Kim reassured the South Korean envoy that the declaration would not lead to the withdrawal of 28,500 US forces stationed in South Korea -- a major concern for security policymakers in Washington.
“The declaration has nothing to do with weakening the South Korea-US alliance and withdrawal of US forces in South Korea,” Kim was quoted as saying by Chung.
|National Security Office chief Chung Eui-yong(left) shakes hands with North Korea`s leader Kim Jong-un. Yonhap|
However, analysts say that Kim’s assurance is not enough to change Washington’s reluctance to declare an end to the Korean War, a symbolic measure to ease North Korea’s security concerns until the armistice agreement is replaced with a peace treaty.
Washington has insisted that North Korea first hand over a full inventory of its nuclear program before the declaration. North Korea, on the other hand, says the US should sign the agreement first, as it has already taken serious steps for denuclearization,
While North Korean leader Kim described to Chung his decision to dismantle nuclear and missile test facilities as “a pre-emptive measure for good faith,” experts said those measures fall short of meeting Washington’s expectations.

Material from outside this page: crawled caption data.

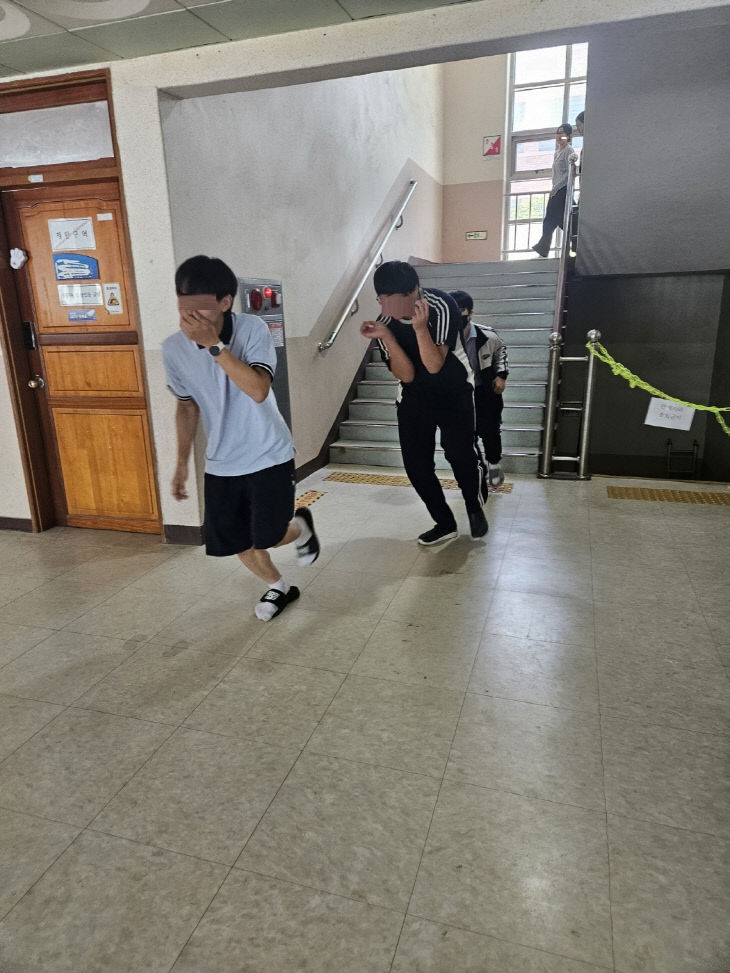 clip20250606231856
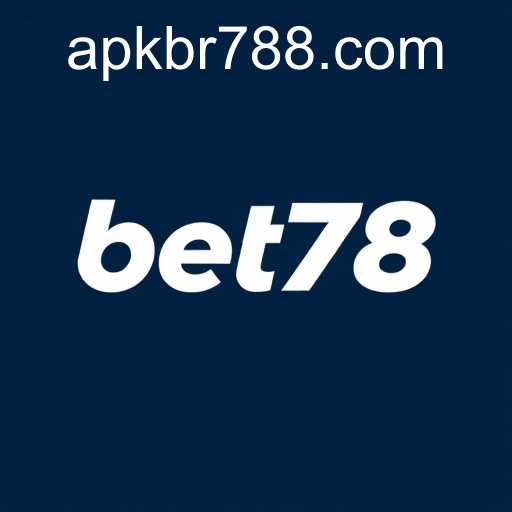 bet788 PH Login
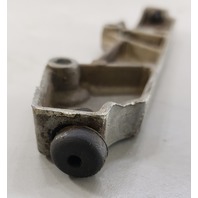 316647 339776 Johnson Evinrude 1971-2001 Engine Cover Bracket 40 50 60 65 + HP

“Washington’s resistance to the end-of-the-war declaration is not as strong as before. Some even believe it could make such concessions,” said Ko Myung-hyun, a researcher at the Asan Institute for Policy Studies, who recently met with US security officials and experts.

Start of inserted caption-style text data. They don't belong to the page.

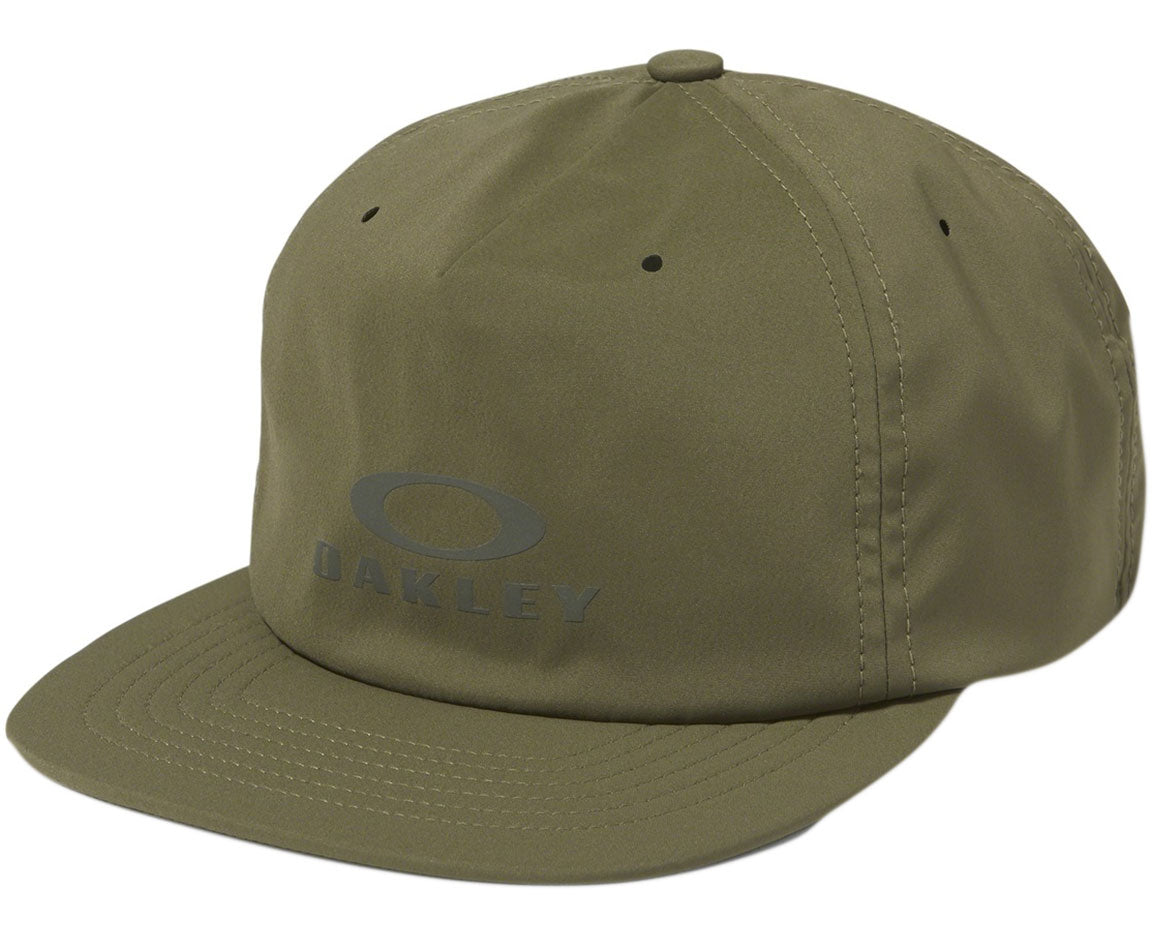 Oakley Fall 2017 Accessories | Mens Lifestyle Caps & Hats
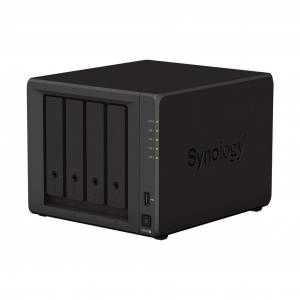 17129912790575-synologyds923ds923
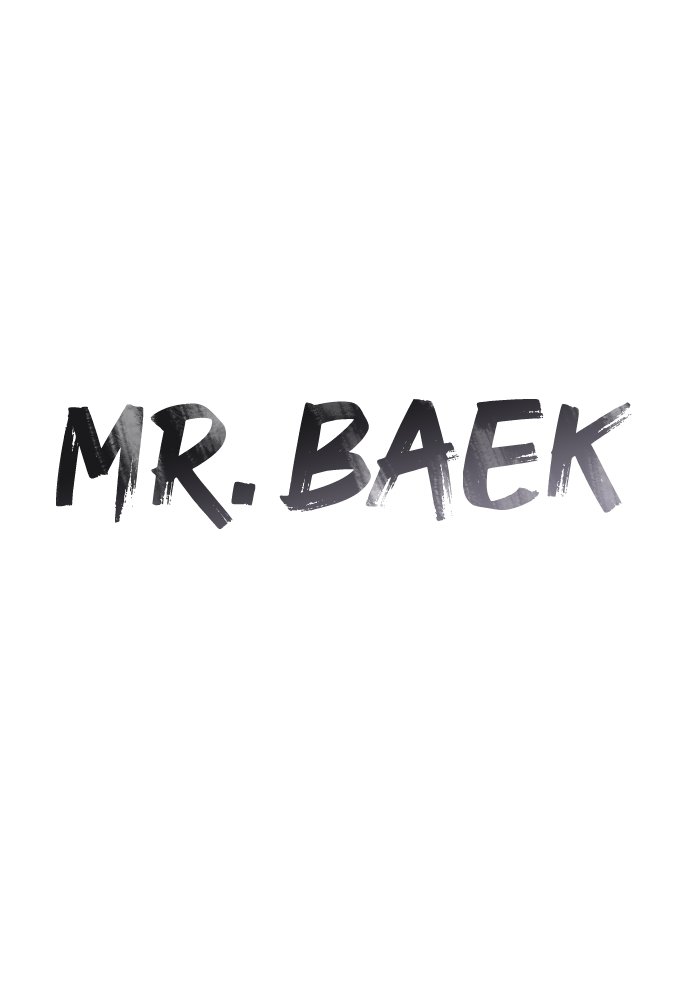 Baek XX Chapitre 17 - Page 48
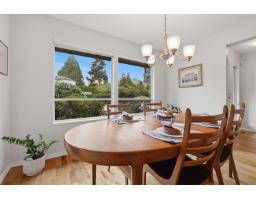 11898 Woodlynn Court, Delta, BC V4E3G6 Photo 12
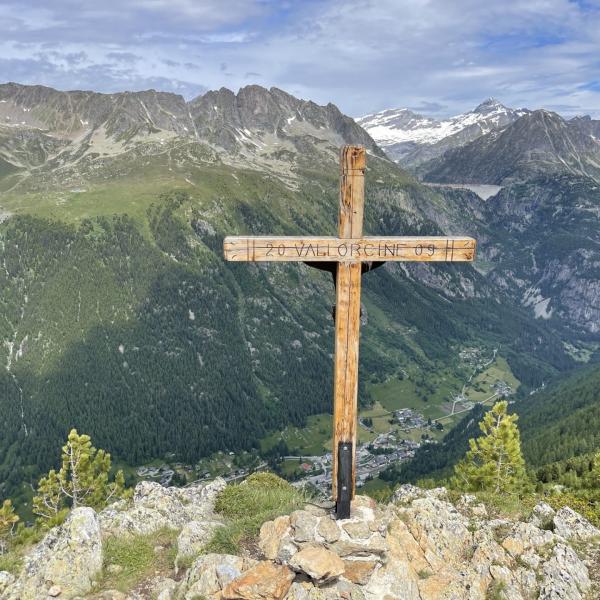 tour-du-mont-blanc-wandelen-trekking-hiking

“But shutting down a nuclear testing ground and a missile engine facility site is not enough. It needs a bigger show to impress the US, such as dismantlement of intercontinental ballistic missiles. But will North Korea do it? I doubt it. That’s the problem.”

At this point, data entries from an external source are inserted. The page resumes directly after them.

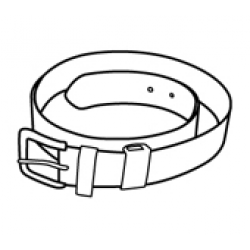 250x250 Belts Malaabes Online Shopping Store In Egypt Promoting Original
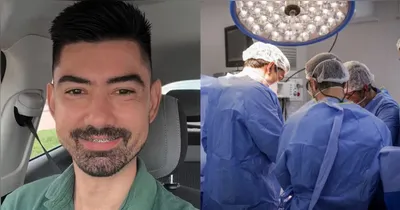 Caso ocorreu em Cerejeiras e está sendo investigado pela Polícia Civil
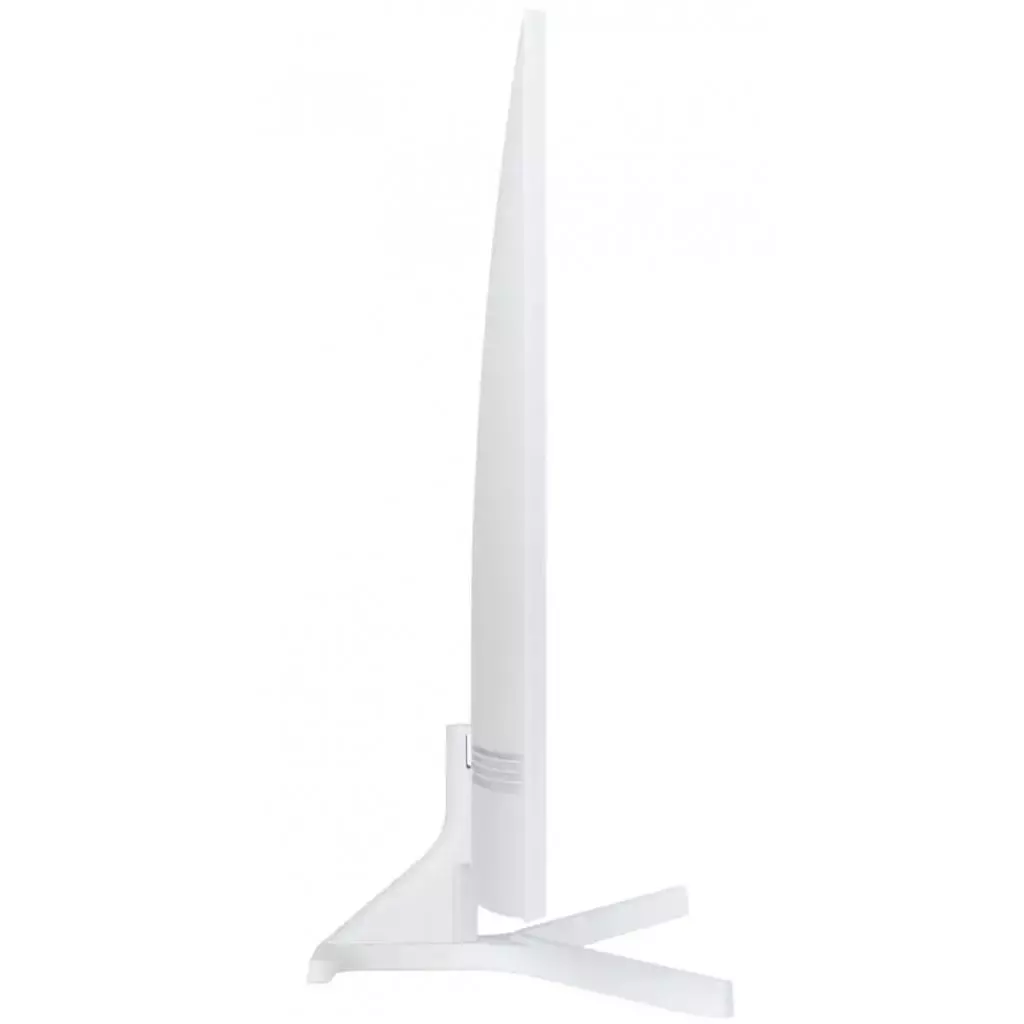 Телевизор Samsung UE43RU7410UXUA - 3 Телевизор Samsung UE43RU7410UXUA - 3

Experts also noted adopting the declaration would deprive the US of major leverage against North Korea during the denuclearization process, given the mounting criticism in Washington that President Trump has made too many concessions.
After his summit with Kim in Singapore, Trump abruptly accepted Kim’s demand that Washington should stop its joint military exercise with South Korea. Defense Secretary Jim Mattis said last month there would be no more halt to any more exercises.
The decision has prompted Trump to use the declaration as the only way to mount pressure on North Korea’s denuclearization, as other measures, such as sanctions relief, requires congressional approval.
“I think there is little leverage left for Trump to strike a deal with North Korea using his own presidential authority,” said Park Won-gon, an international relations professor at Handong Global University.
“We still don’t know exactly what Kim promised on denuclearization to the South Korean envoy. But if there were no significant difference from what was announced today, Washington would unlikely to change its position.”